## THE PROBLEM
The records below are to be reproduced exactly, and no picture should appear in the copy.

## Saved data entries
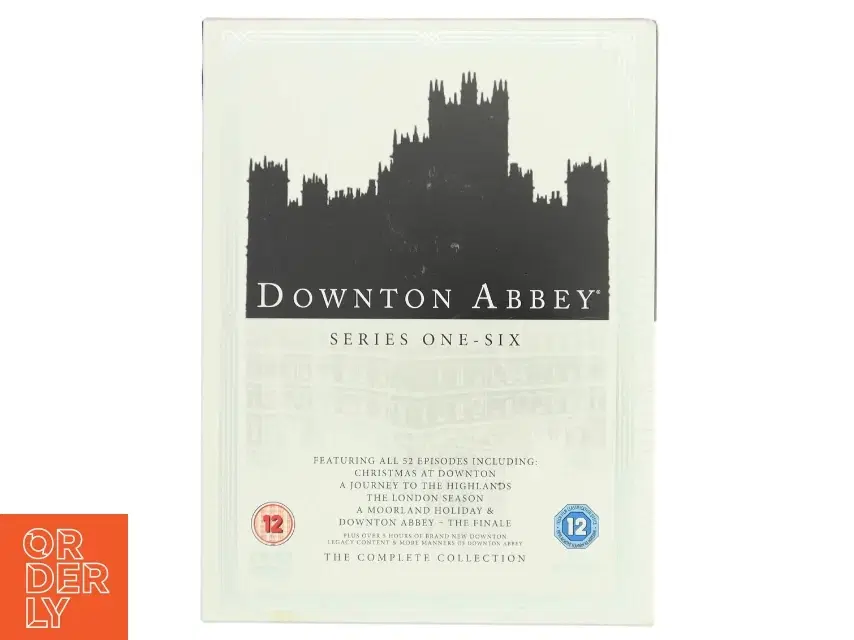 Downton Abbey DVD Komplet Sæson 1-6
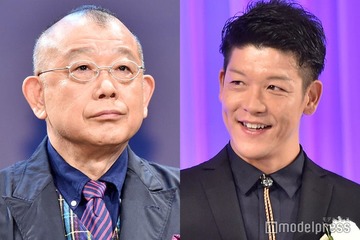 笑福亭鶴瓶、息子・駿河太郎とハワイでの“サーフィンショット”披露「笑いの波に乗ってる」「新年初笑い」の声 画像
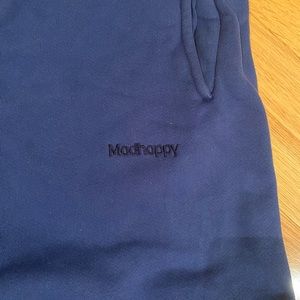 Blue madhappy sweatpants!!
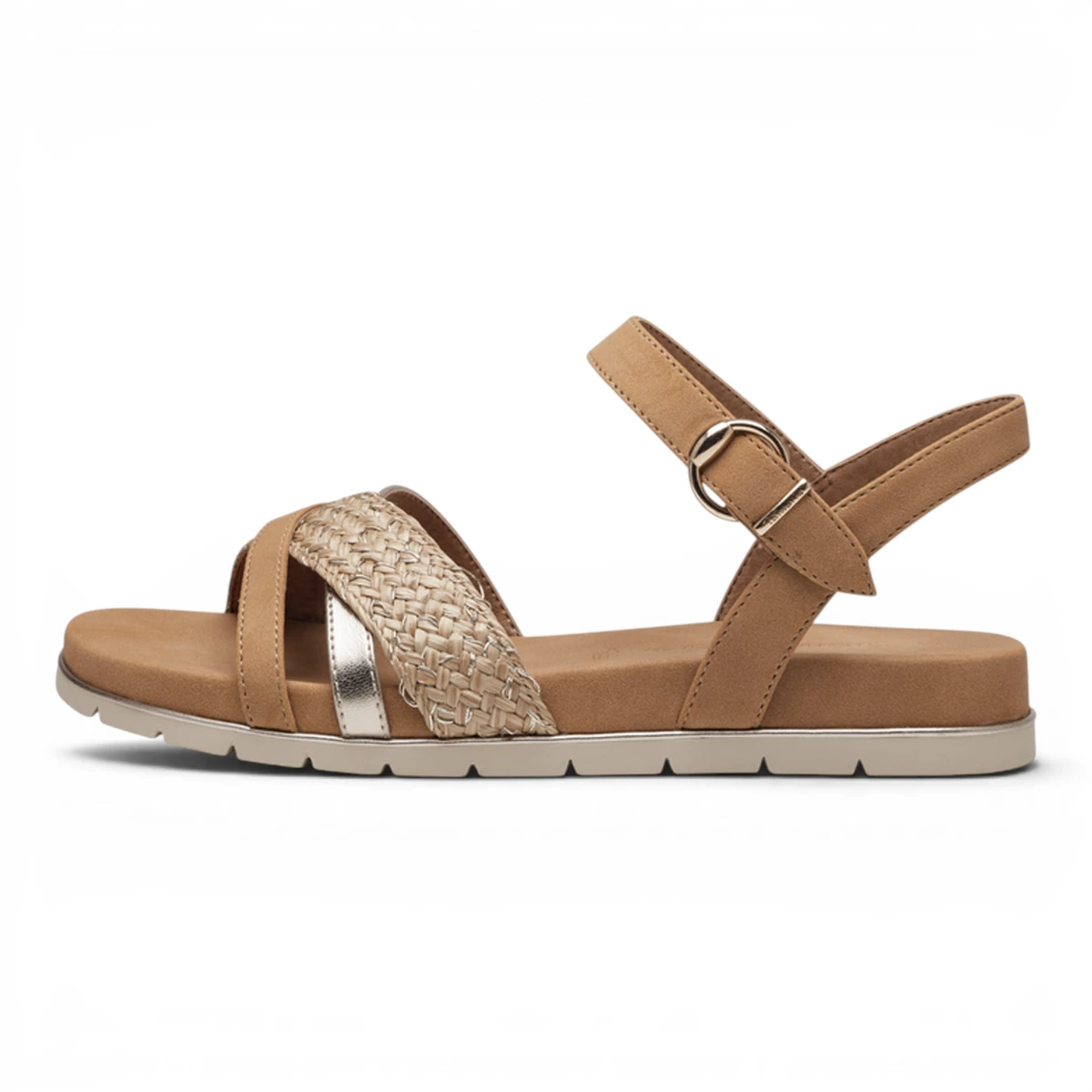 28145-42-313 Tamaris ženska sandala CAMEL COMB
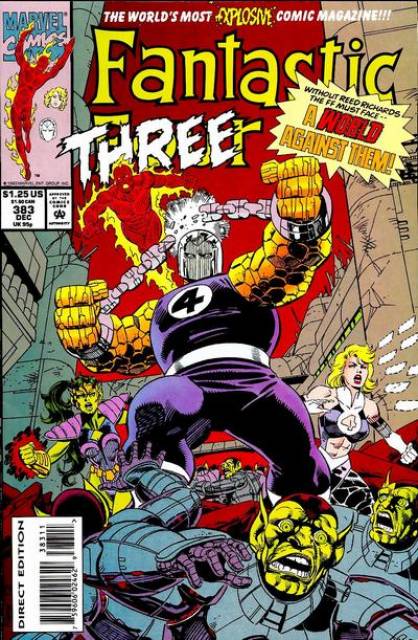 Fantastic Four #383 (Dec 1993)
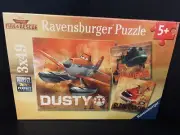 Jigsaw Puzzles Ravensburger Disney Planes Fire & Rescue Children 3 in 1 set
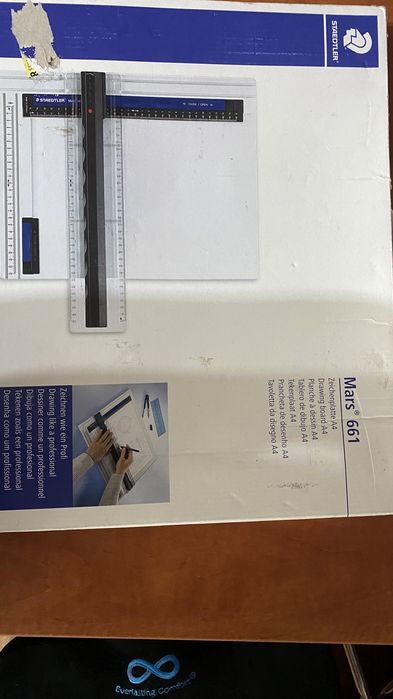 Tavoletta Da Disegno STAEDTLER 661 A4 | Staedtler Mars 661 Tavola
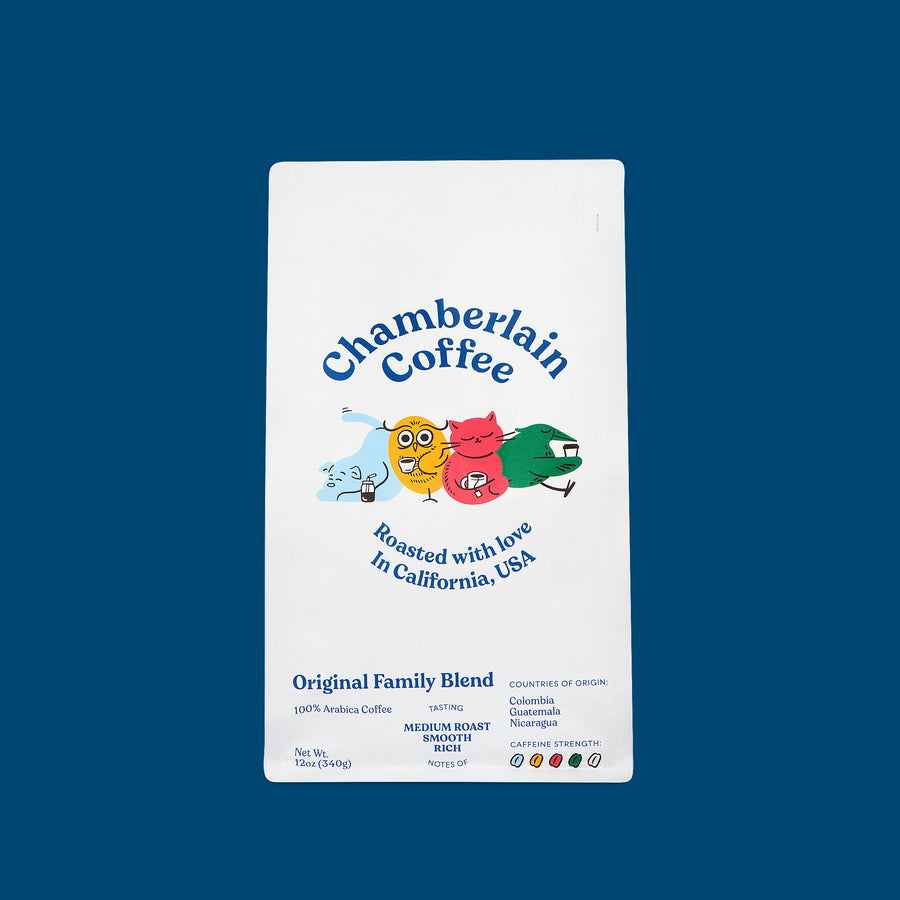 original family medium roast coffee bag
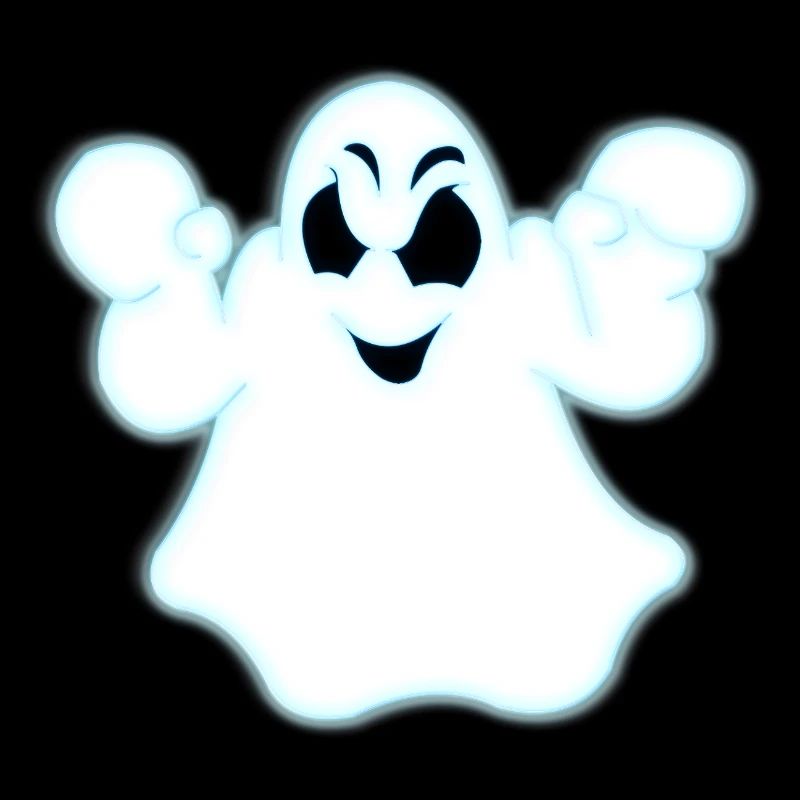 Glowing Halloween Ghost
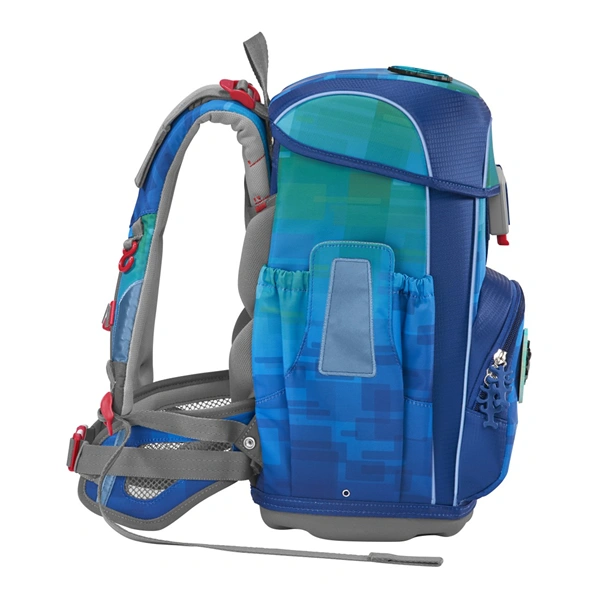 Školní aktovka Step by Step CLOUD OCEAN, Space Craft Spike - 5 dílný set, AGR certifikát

## SOLUTION FOR THIS EXERCISE
 Downton Abbey DVD Komplet Sæson 1-6
 笑福亭鶴瓶、息子・駿河太郎とハワイでの“サーフィンショット”披露「笑いの波に乗ってる」「新年初笑い」の声 画像
 Blue madhappy sweatpants!!
 28145-42-313 Tamaris ženska sandala CAMEL COMB
 Fantastic Four #383 (Dec 1993)
 Jigsaw Puzzles Ravensburger Disney Planes Fire & Rescue Children 3 in 1 set
 Tavoletta Da Disegno STAEDTLER 661 A4 | Staedtler Mars 661 Tavola
 original family medium roast coffee bag
 Glowing Halloween Ghost
 Školní aktovka Step by Step CLOUD OCEAN, Space Craft Spike - 5 dílný set, AGR certifikát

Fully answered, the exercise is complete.